[Stored records]
============
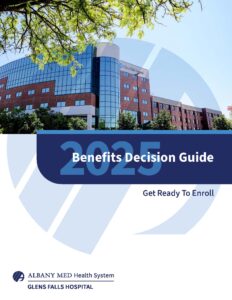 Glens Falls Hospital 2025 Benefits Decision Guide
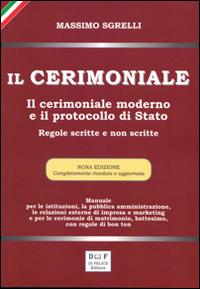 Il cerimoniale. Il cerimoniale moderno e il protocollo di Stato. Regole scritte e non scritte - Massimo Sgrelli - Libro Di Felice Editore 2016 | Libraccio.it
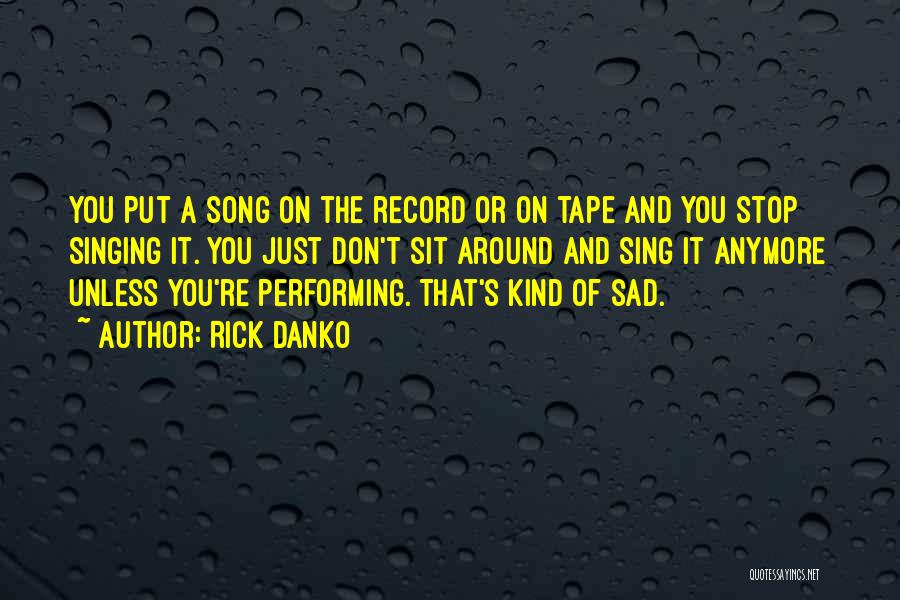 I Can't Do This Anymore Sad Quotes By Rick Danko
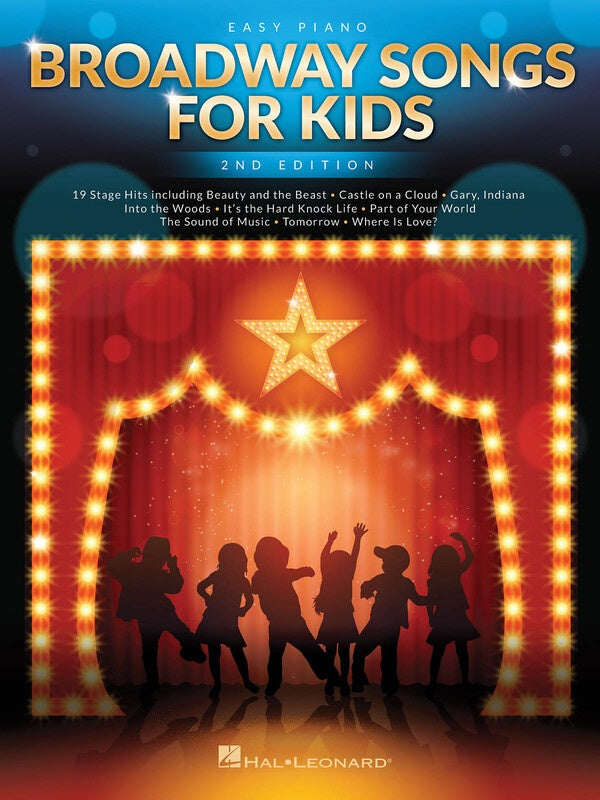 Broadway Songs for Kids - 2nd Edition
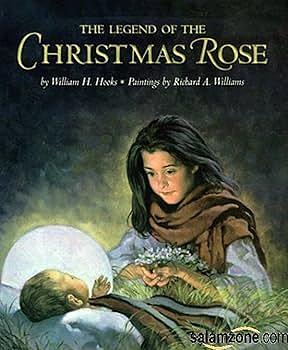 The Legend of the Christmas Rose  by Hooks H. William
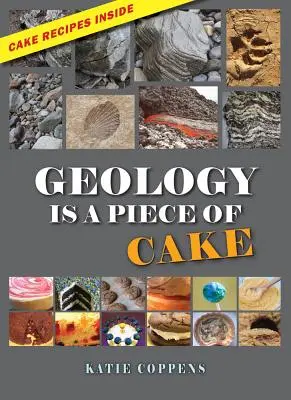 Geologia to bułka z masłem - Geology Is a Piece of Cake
============
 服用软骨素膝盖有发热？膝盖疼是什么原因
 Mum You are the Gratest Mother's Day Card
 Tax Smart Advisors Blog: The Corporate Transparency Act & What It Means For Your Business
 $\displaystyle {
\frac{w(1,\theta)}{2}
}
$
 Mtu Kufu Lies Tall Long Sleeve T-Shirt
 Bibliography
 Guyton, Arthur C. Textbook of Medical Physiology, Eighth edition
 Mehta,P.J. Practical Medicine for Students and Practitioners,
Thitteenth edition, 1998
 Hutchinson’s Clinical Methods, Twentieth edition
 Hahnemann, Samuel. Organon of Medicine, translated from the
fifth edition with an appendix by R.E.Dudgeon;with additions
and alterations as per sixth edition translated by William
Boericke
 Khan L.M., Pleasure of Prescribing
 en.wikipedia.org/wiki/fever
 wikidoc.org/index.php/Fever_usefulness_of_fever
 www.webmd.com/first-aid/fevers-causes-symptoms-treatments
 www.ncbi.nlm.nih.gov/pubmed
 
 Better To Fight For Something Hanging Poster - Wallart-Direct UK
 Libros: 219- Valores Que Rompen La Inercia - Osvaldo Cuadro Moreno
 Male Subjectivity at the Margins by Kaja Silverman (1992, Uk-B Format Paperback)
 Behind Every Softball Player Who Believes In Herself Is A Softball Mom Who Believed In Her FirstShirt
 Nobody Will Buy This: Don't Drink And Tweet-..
============
Among the lines of the data, find every one that holds "translated" and copy it.

**EXERCISE RESULT**:
 Hahnemann, Samuel. Organon of Medicine, translated from the
and alterations as per sixth edition translated by William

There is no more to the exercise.